§ SUPPLIED INFORMATION:
----
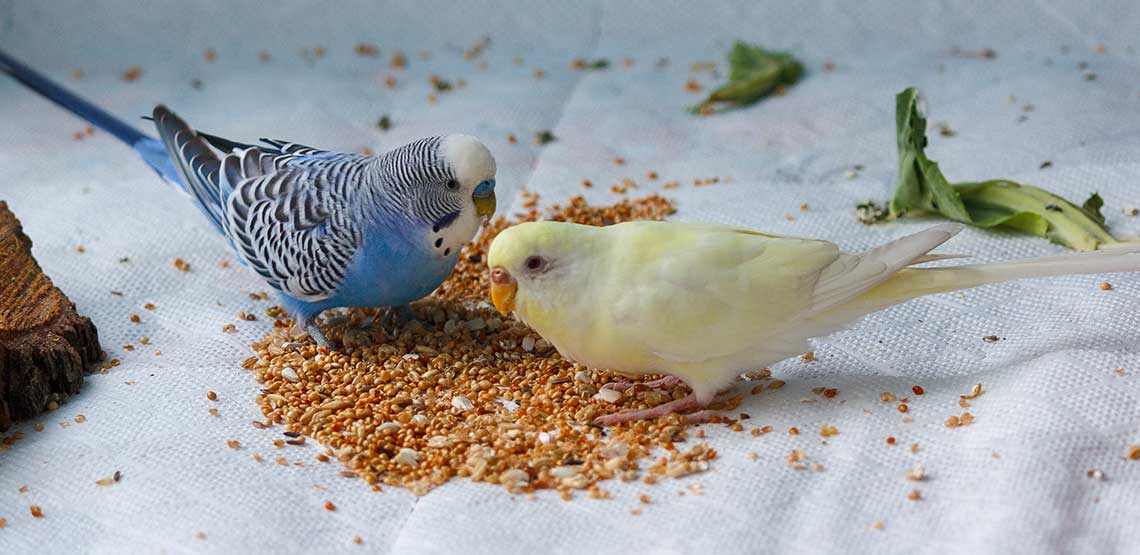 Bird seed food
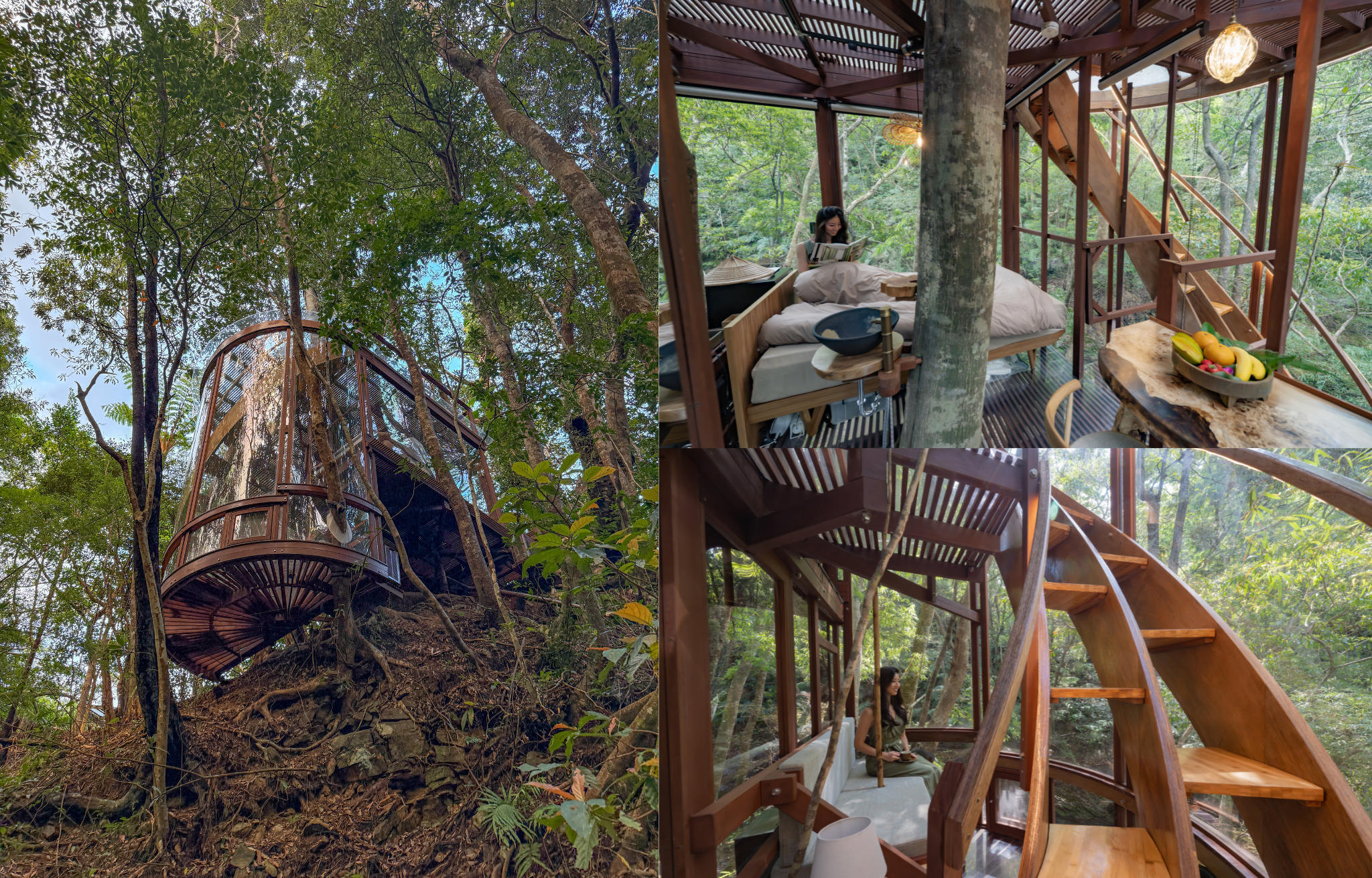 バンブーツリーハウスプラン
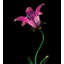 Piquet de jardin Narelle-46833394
----
§ TASK DIRECTIONS:
Copy out the material exactly as it stands, though no picture should appear in the copy.

§ ANSWER TO THE PROBLEM:
 Bird seed food
 バンブーツリーハウスプラン
 Piquet de jardin Narelle-46833394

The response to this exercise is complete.